Towards Understanding Layer Contributions in Tabular In-Context Learning Models
Amir Rezaei Balef, Mykhailo Koshil, Katharina Eggensperger
TL;DR
This work investigates how individual layers contribute to predictions in tabular ICL models (TabPFN-v1, TabPFN-v2, TabICL) using the Layers as Painters framework. By conducting layer swapping, repeating, skipping, and probing across 15 TabArena tasks, the authors reveal that later layers do not always add new information and that early layers often dominate, with notable model-specific differences—especially for TabPFN-v2. The results highlight partial redundancy and opportunities for compression and interpretability, while confirming that layer order and inter-layer dynamics differ from those observed in LLMs.

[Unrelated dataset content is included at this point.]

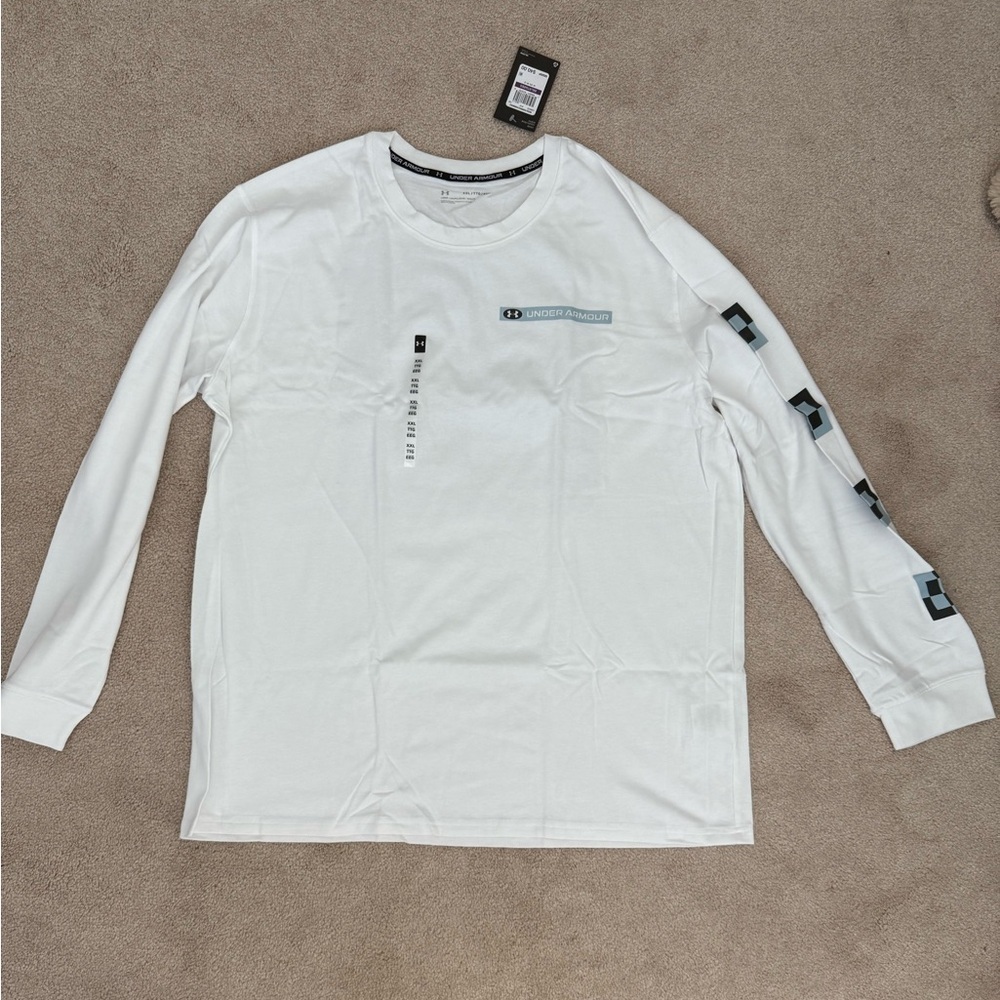 Under Armour heavyweight Geo, long sleeve graphic tee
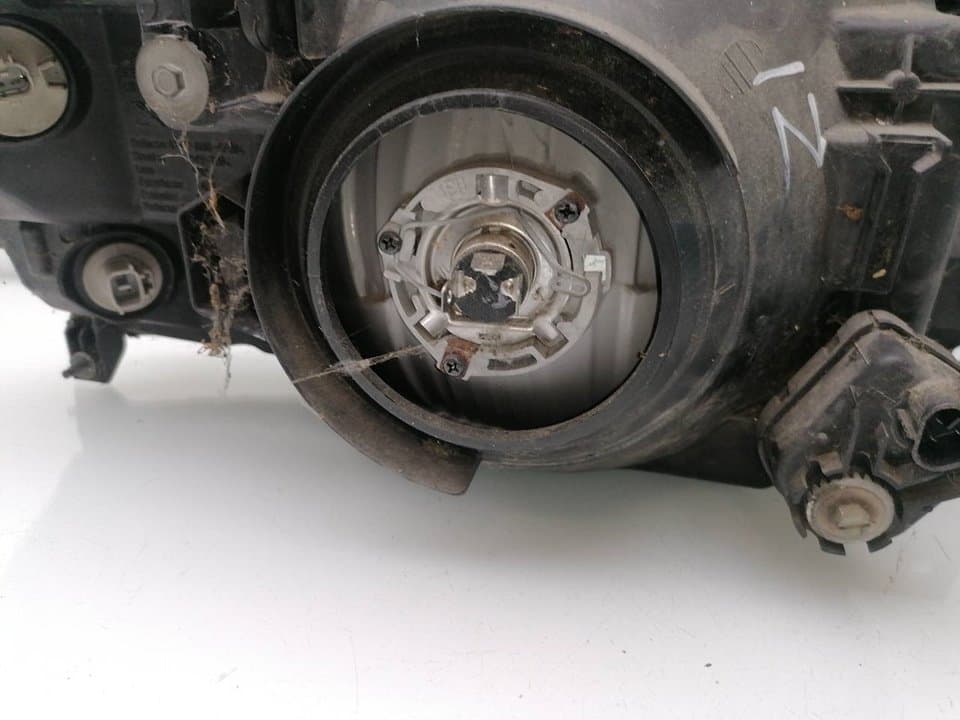 Faro izquierdo MITSUBISHI MONTERO (V60/V70) 4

These findings motivate the development of lightweight, more interpretable tabular ICL architectures and invite further study into stability across tasks and initializations.
Abstract
Despite the architectural similarities between tabular in-context learning (ICL) models and large language models (LLMs), little is known about how individual layers contribute to tabular prediction. In this paper, we investigate how the latent spaces evolve across layers in tabular ICL models, identify potential redundant layers, and compare these dynamics with those observed in LLMs. We analyze TabPFN and TabICL through the "layers as painters" perspective, finding that only subsets of layers share a common representational language, suggesting structural redundancy and offering opportunities for model compression and improved interpretability.